Commute Conversation

Trillian: I’m going commando.

Me: Come Again?

Trillian: After swimming at camp, I didn’t want to wear underwear. [FYI – she’s wearing jeans].

Zaphod: Oh, that is just sick!  I could NEVER go commando!

She: Why?  It’s pretty comfortable.

Me: Zaphod and I have…er..things that need to be constrained.

Trillian: His deflated balls?

Me: Huh?

Trillian: Last night we were shooting roman candles.  My flaming balls had a report.  His were silent.  He had deflated, flaming balls.

Zaphod: She said “balls”.

Did I tell you I have a 10 and 11 year old?  And they Iowa tested at near or above college level.  Yet, they are a weird combination of Beavis and Butthead and Paris Hilton.

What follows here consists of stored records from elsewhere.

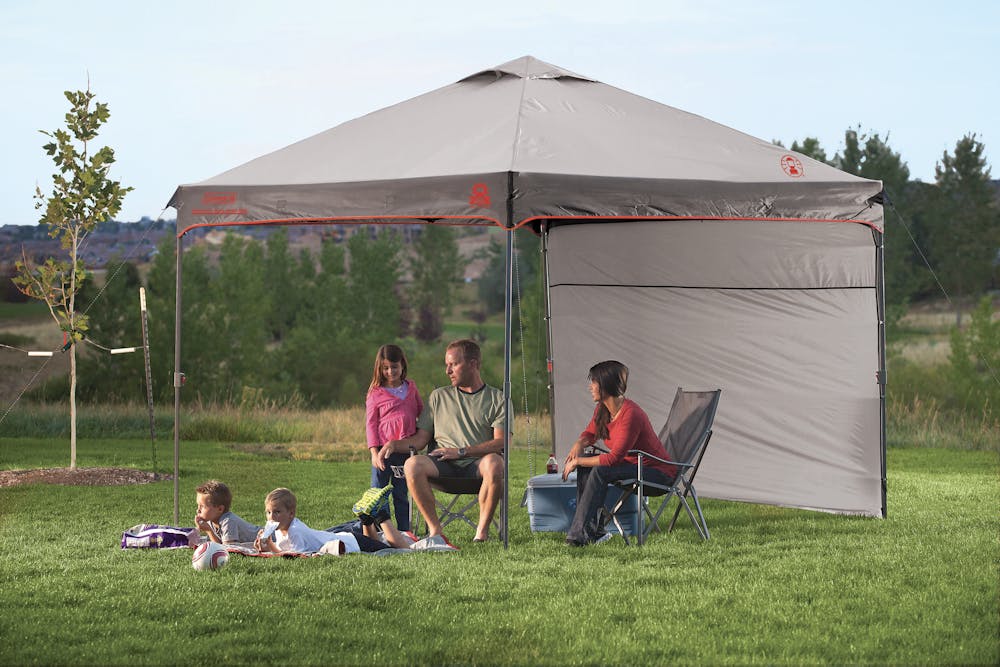 Coleman swingwall instant canopy コールマン Coleman SWINGWALL INSTANT CANOPY ペグ打ちできない所にも設置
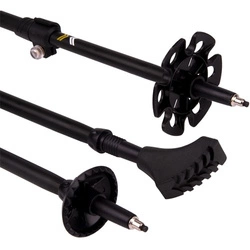 Kije Nordic walking w pokrowcu EVO Enero Pro czarny mat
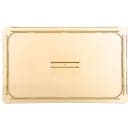 Carlisle Universal Full Size High Heat Food Pan Solid Lid - Amber (10410U13) thumbnail 2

To fathers: nothing can prepare you for the day that your daughter blurts out that she’s, at that very moment, going commando.

Sometimes I Feel Like A Motherless Child

While we’re in the mode of criticizing Disney, I was fascinated by Tracee Sioux’s rant against Hannah Montana.  It’s a great read, if only for the passion displayed:

But, if it’s a choice between YOU and ME in my daughter’s life. Well, I pick ME. Because I add quality and you, well, you don’t. When your snotty, bratty, disrespectful banter comes out of my daughter’s mouth – well, to be completely truthful, I feel like slapping her. I don’t. But, really, it shouldn’t take so much effort to stop the impulse.

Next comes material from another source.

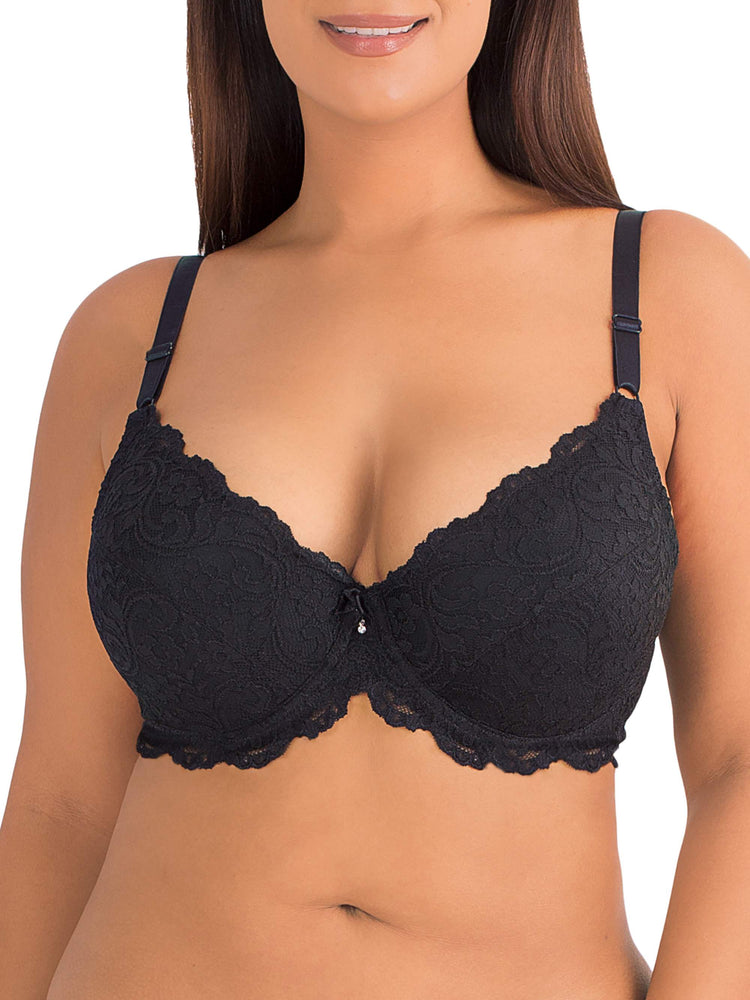Women’s Curvy Signature Lace Push-Up Bra With Added Support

Also, you’re not really age-appropriate no matter how small you make the t-shirts or commando market to Kindergarteners and pre-schoolers.

She’s right – Hannah Montana (and none of the other programming marketed at tweens) is not appropriate for a 6-year-old, IMHO.  In a few years? Sure, but by then, tweens will be on to the next big thing.

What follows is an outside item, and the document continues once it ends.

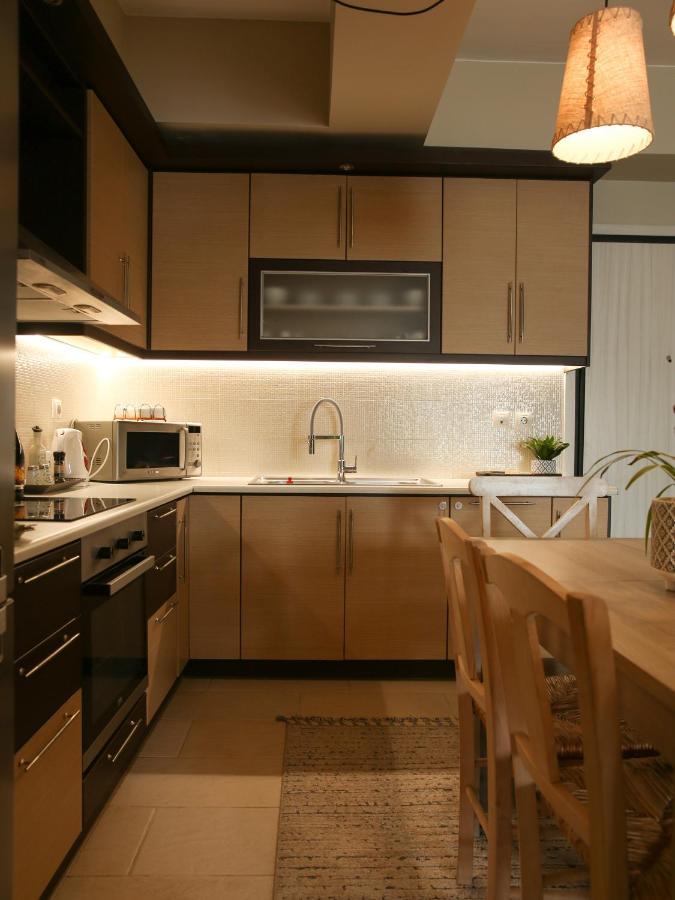 Beach House In Itea-Delphi Bagian luar foto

As an aside, if you treat child-rearing as an expression of your politics, (if you read Tracee’s blog, you know this is true about her, she makes no bones about it) all I can say is that you are in for a rude awakening in a few years.

But, that’s not what I wanted to talk about.  Later in the rant, she links to an older article in the LA times by Rosa Brooks.


At first, I thought it was satire.  I read it three times to make sure.  SHE’S SERIOUS:

You didn’t think Disney was going to stand idly by while you engaged in those little feminist critiques, did you now? Pause for a moment to consider the fate of the princesses’ mommies in those Disney movies. “Cinderella” and “Snow White”? Mothers killed off by mysterious illnesses. “Beauty and the Beast,” “The Little Mermaid” and “Aladdin”? Mothers all missing; presumed dead.

Disney really has it in for mommies: Even when you leave princess-land, it’s the same pattern. Bambi’s mom? Shot dead by a hunter. Nemo’s mom? Eaten by a barracuda. Of all the major princesses, only Sleeping Beauty (a.k.a. Aurora; like all criminals, she often goes by an alias) has a nuclear family, not that it does her any good. But given Disney’s track record, I wouldn’t want to underwrite her mother’s life insurance policy.

Now, I’ll admit that it is kind of interesting that in so many Disney stories, the mother is absent or killed off.  More on that in a minute.  But to infer that Disney does this as reaction to feminist critique?

Sigh.  It’s so stupid, I can’t even mock it. 

My theory is more literary (hello?  not everything is political.  In fact, few things that matter in life are). 

There are few things in the world the evoke more sympathy than being a motherless child.  Not to put too fine a point on it, but fatherless (either in reality or in practice) children are a dime a dozen.  And they have been that way for centuries, thanks to wars and workplace dangers.  It’s just the way of the world that we have more sympathy for the motherless child than the fatherless child.

I’m sure there are other reasons, but these fairy tales span centuries, and the theme has been around far longer than feminist theory.  Smarter people than me could try to explain why the mothers all die in fairy tales, but if you try to blame it on the patriarchy without backing it up, I will have to remain in mocking mode.